*Exercise brief*:
Copy down every line of the data that follows exactly. Omit the pictures.

Information shown below:

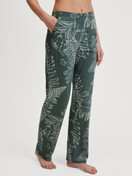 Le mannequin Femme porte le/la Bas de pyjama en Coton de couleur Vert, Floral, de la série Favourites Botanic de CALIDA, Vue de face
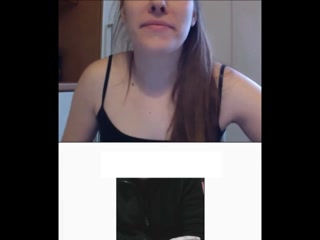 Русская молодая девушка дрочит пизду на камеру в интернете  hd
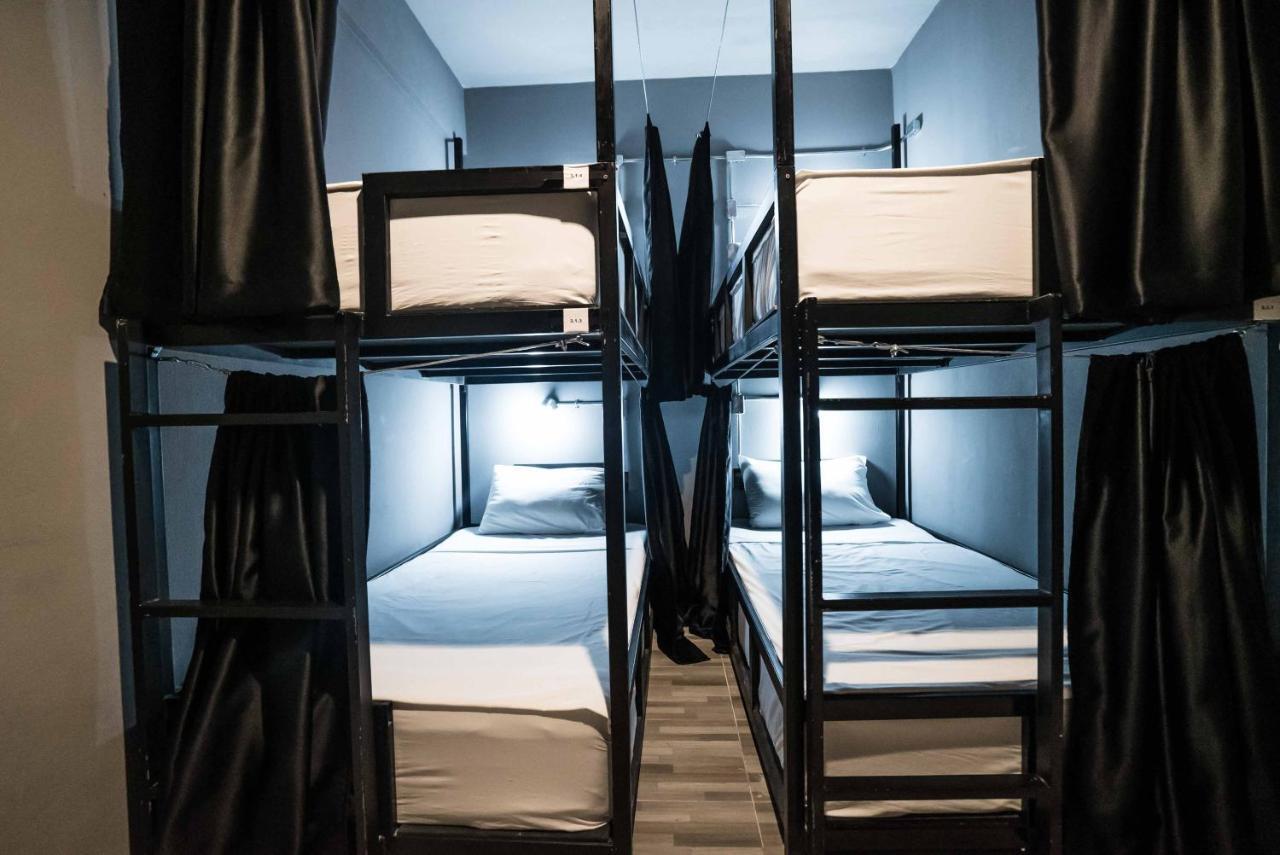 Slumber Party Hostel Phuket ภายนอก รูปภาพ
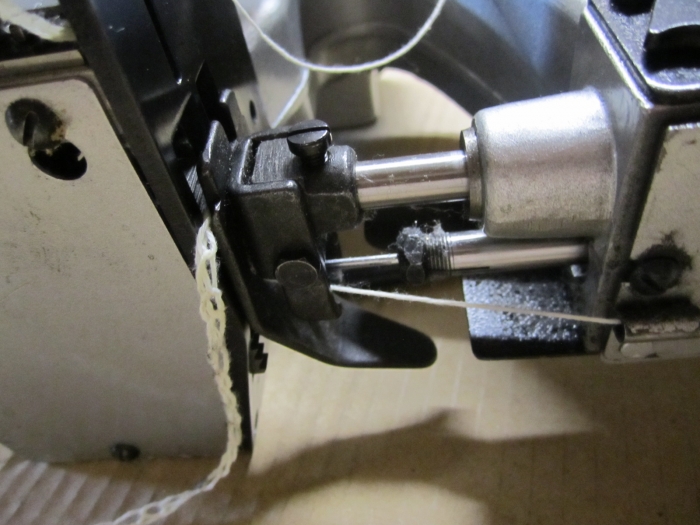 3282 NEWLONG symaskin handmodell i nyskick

End of Information shown.

*Reply to the task*:
 Le mannequin Femme porte le/la Bas de pyjama en Coton de couleur Vert, Floral, de la série Favourites Botanic de CALIDA, Vue de face
 Русская молодая девушка дрочит пизду на камеру в интернете  hd
 Slumber Party Hostel Phuket ภายนอก รูปภาพ
 3282 NEWLONG symaskin handmodell i nyskick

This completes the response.